We also had a significant K-12 win with Cabarrus County schools in North Carolina. This long-time Canvas customer began evaluating LearnPlatform during the first half of 2023 and chose Instructure during the quarter to help them comply with edtech and data privacy legislation from the state of North Carolina. We're able to win with Cabarrus due to a tailored approach that helps streamline their compliance with North Carolina state legislation. This win will be a pivotal reference for other North Carolina schools as each addresses the new legislation over the next few months.
Third, the power of our platform strategy continued to progress in Q4 through acquisition, partnerships and innovation. Our acquisition of Parchment was announced in Q4 and closed at the beginning of February, bolstering our Instructure Learning Platform's scale and reach as we engage learners throughout their lifelong learning journey. Our combined solutions will facilitate evidence of learning and streamline the educational process for educators and learners during key transitions.
In addition to accelerating our strategy to reach nontraditional learners, Parchment's relationships with new buyers also bring fresh opportunities into our traditional customer base with an estimated $2 billion expansion of our total addressable market and a high-quality revenue stream with significant growth potential. As mentioned earlier, our partner ecosystem continues to grow to more than 900 partners at the end of 2023, up nearly 20% year-over-year, and it is a key differentiator for us in the selling process. Our recent case study with Clemson University and Praxis AI virtual tutor demonstrates the power of the Instructure Learning Platform ecosystem to bring new technologies like AI to our customers quickly and safely.
We continue to expand our platform capabilities through organic innovation, including the launch of AI-based capabilities to select customers during the second half of the year to help with course and content creation, semantic search, and natural-language-driven learning analytics. We also had a big win in K-12 during the quarter with a prominent nonprofit organization that needed to replace their homegrown solution with a more adaptable, comprehensive platform that could enhance and accelerate their ability to support accessibility, enable customization, integrate important third-party applications and modernize assessment. Simply put, Instructure's Learning Platform enabled them to innovate on Canvas through integrations and development, putting Instructure at the core of teaching and learning across their schools.

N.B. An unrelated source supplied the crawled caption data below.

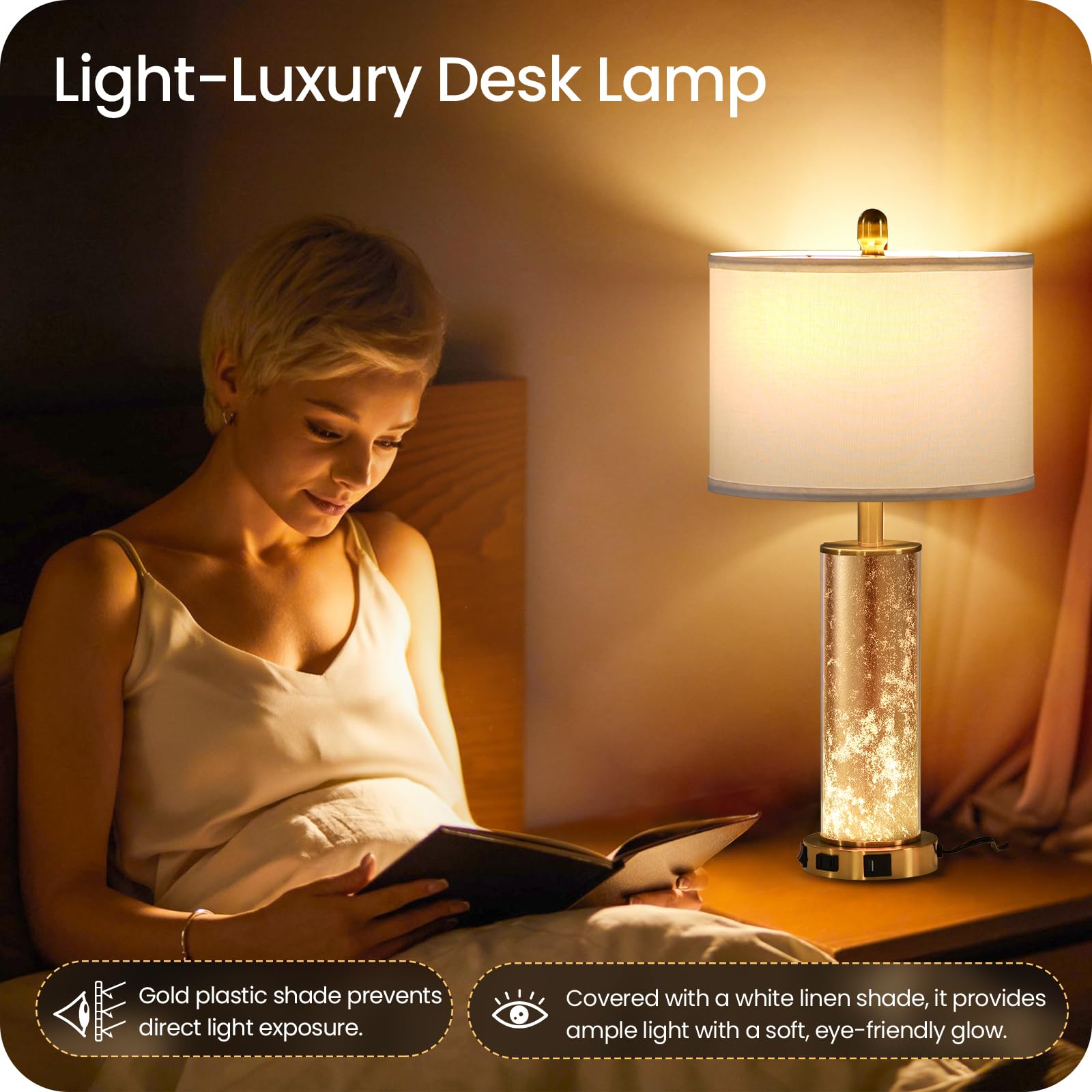GOEBLESON gold-foil post detail adds luxe accent and warm uplighting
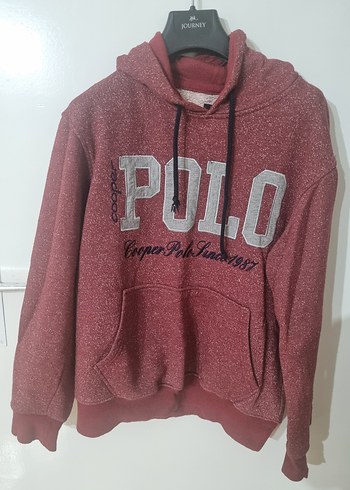 Kırmızı Kapüşonlu Polo Baskılı Sweatshirt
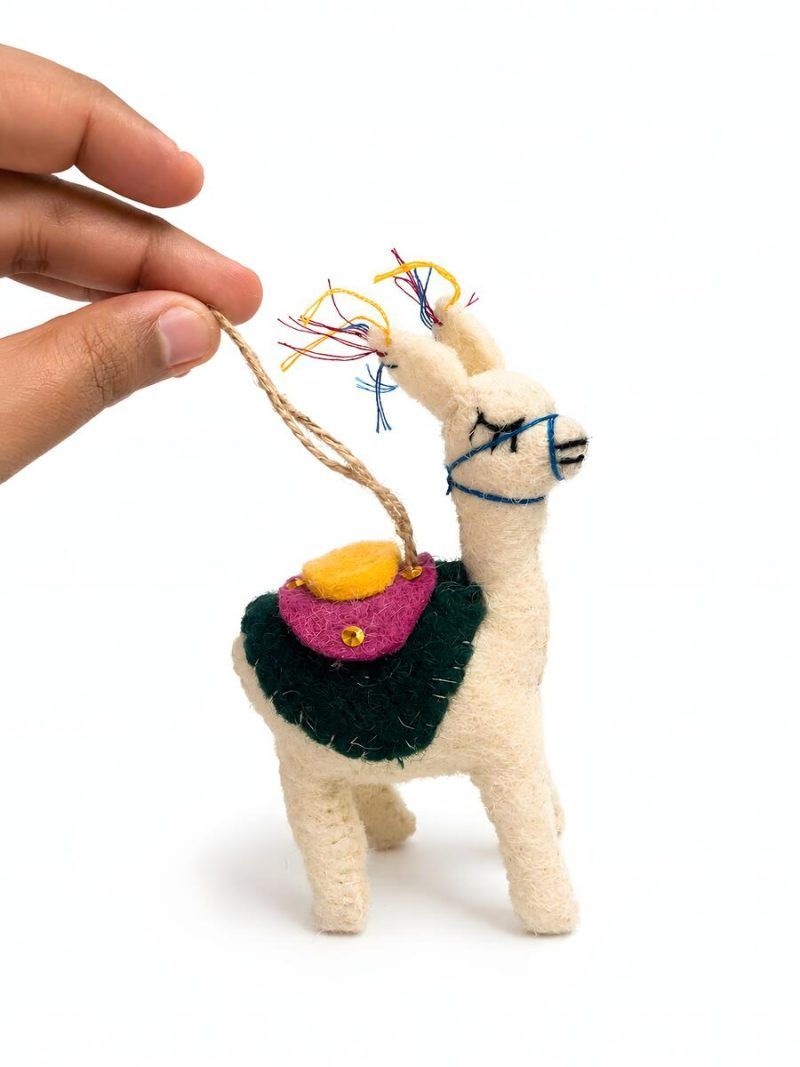 Felt llama nursery ornament with jute hanging string, Glimpse Homes kids decor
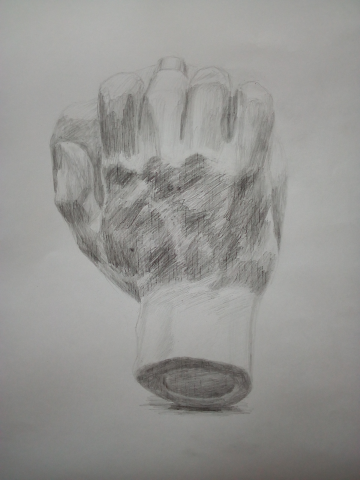 Академический рисунок, гипсовая рука, карандаш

And finally, our results this quarter once again demonstrated our ability to drive operating leverage in the business. We've delivered best-in-class margins and strong cash flow conversion, which Peter will discuss in more detail shortly. With adjusted gross margin approaching 80% and adjusted EBITDA margins exceeding 40%, our free cash flow generation should enable us to continue investing both organically and through M&A to drive long-term durable growth. As we look ahead to 2024 and beyond, we have unwavering confidence that the Instructure Learning Platform's unique advantages address the intricate challenges posed by today's educational landscape.
Our strategic focus will remain centered on several key growth pillars: first, harness our enhanced go-to-market function to propel platform growth and foster cross-selling opportunities; second, accelerate our efforts to displace legacy technology in international markets; third, assist new and existing customers to meet the needs of nontraditional learners; fourth, leverage our platform technology to create new revenue opportunities and further embed Instructure as critical infrastructure for teaching and learning; and finally, remain at the forefront of AI and other innovations to drive student success, both inside and outside the classroom. Deploying these strategies, we believe we will increase our moat within edtech ecosystem and help ensure durable growth across all segments.

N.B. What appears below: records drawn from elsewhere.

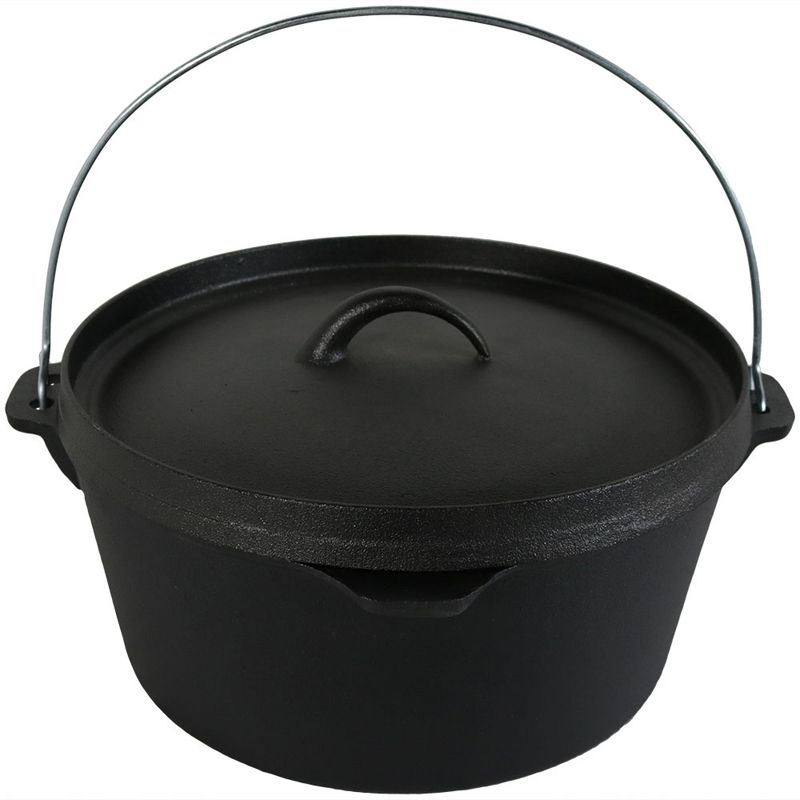 Sunnydaze Indoor/Outdoor Large Pre-Seasoned Cast Iron Dutch Oven Pot with Lid and Handle - 8 qt - Black, 1 of 10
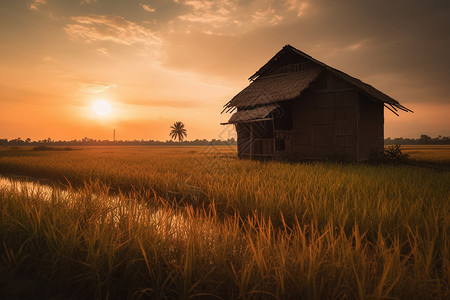 落日下稻田里的米仓图片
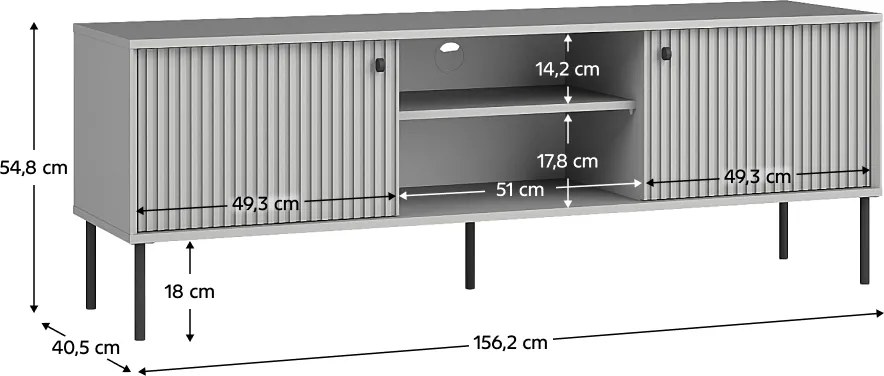 ARIS 2D TV stolík, sivý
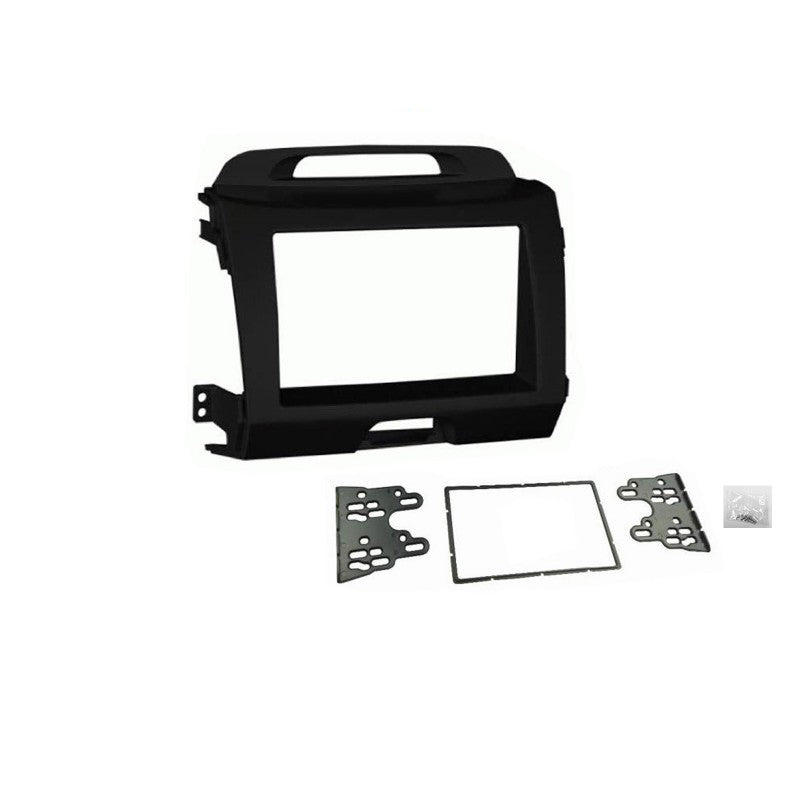 Double 2 DIN F7KA7 Facia Kit Panel Fascia Dash Plate For Kia Sportage SL 2010-2015 Small Clock Display
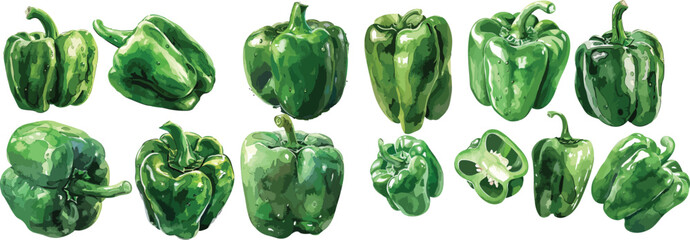 Canvas Print - bell pepper watercolor clipart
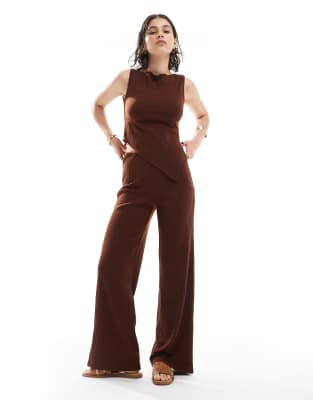 Vero Moda Ribbed Sleeveless Asymmetic Hem Top In Brown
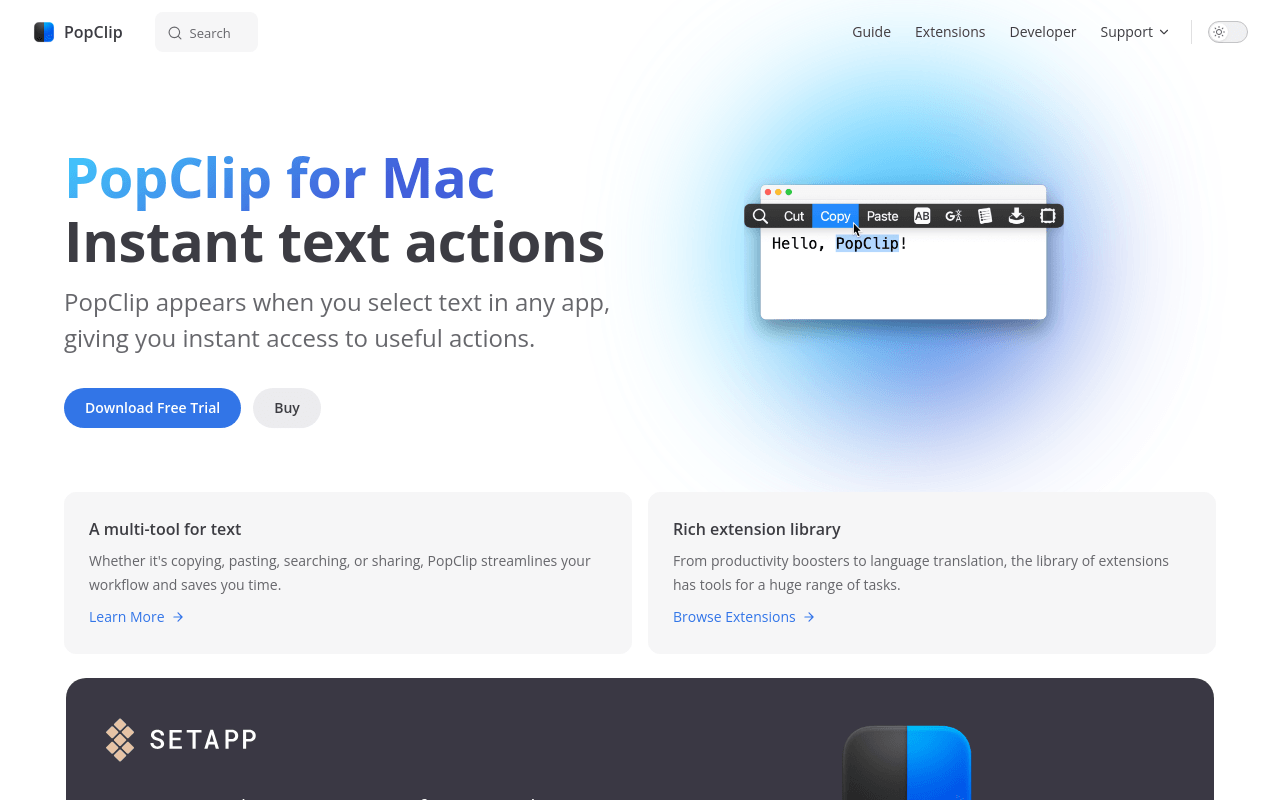 PopClip for Mac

In summary, I am confident and optimistic about our business as we head into 2024 and beyond. We will talk much more about our road map and long-term financial model during our March 12 Investor Day, and we hope you will join us for this discussion.
I will now turn the call over to Peter to talk about our financial results and guidance.
Thank you, Steve, and good afternoon, everyone. Before discussing detailed financial results, I'd like to point out that in addition to our GAAP results, I'll be discussing certain non-GAAP results. Our GAAP financial results, along with a reconciliation between GAAP and non-GAAP results, can be found in our earnings release, which is posted in the Investor Relations section of our website.
During 2023, we set a new company record for annual revenues of $530.2 million. This was an 11.6% increase over 2022, which was impacted by a currency headwind of 80 basis points. We're very proud of these results, which we delivered due to continued share gain as the platform of choice for institutions around the world.
We also achieved a new company record for adjusted EBITDA of $214.2 million, a 19.3% increase over 2022. We expanded adjusted EBITDA margin 270 basis points, delivering a full year 2023 adjusted EBITDA margin of 40.4%. 2023 adjusted unlevered free cash flow was $225.5 million, a 29.9% increase over 2022. This exceeded our expectations, partially driven by approximately $12 million of early collections related to 2024.
Turning now to Q4. We continued to deliver a combination of strong revenue growth and best-in-class margins. As Steve mentioned, we generated fourth quarter 2023 total revenue of $135.4 million. This was an 8.5% increase year-over-year impacted by a minor foreign currency headwind.
Subscription and support revenue accounted for 93% of our fourth quarter revenues at $125.4 million, up 9.5% year-over-year, which was impacted by a 30 basis point headwind from currency. Professional services and other revenue accounted for 7% of our fourth quarter revenue at $10 million, down 1.7% year-over-year, which was impacted by 10 basis points of currency headwinds. The decline was primarily driven by lower international services revenue as we evolve our channel distribution and international growth markets.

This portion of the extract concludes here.